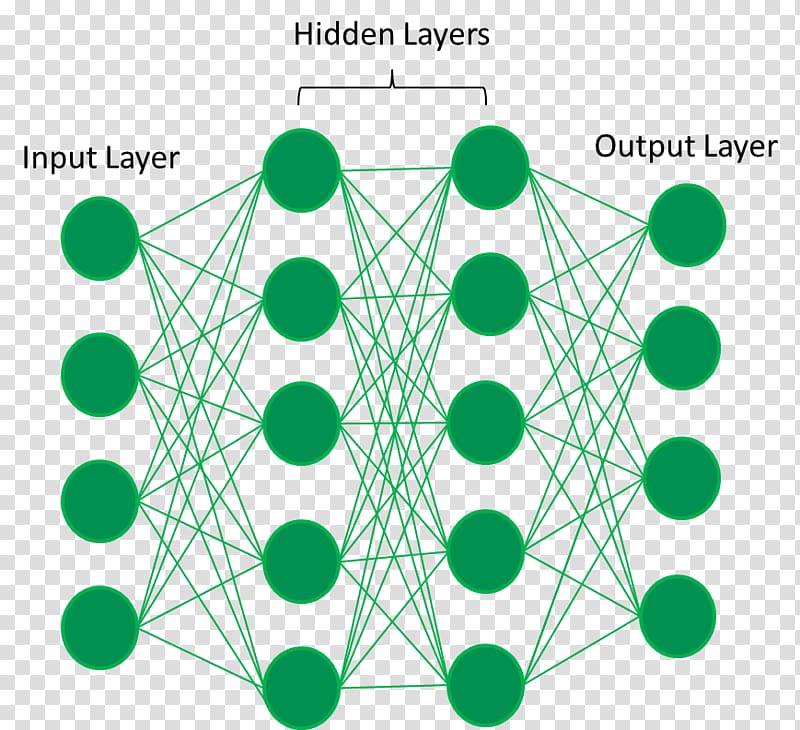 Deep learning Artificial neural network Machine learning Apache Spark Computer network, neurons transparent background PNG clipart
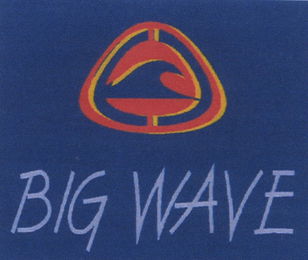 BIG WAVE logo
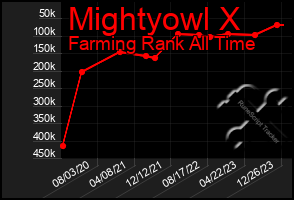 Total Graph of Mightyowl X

--------------------

EXERCISE DIRECTIONS » Once the pictures are set aside, give every line above again without alteration.

ANSWER SPACE »
 Deep learning Artificial neural network Machine learning Apache Spark Computer network, neurons transparent background PNG clipart
 BIG WAVE logo
 Total Graph of Mightyowl X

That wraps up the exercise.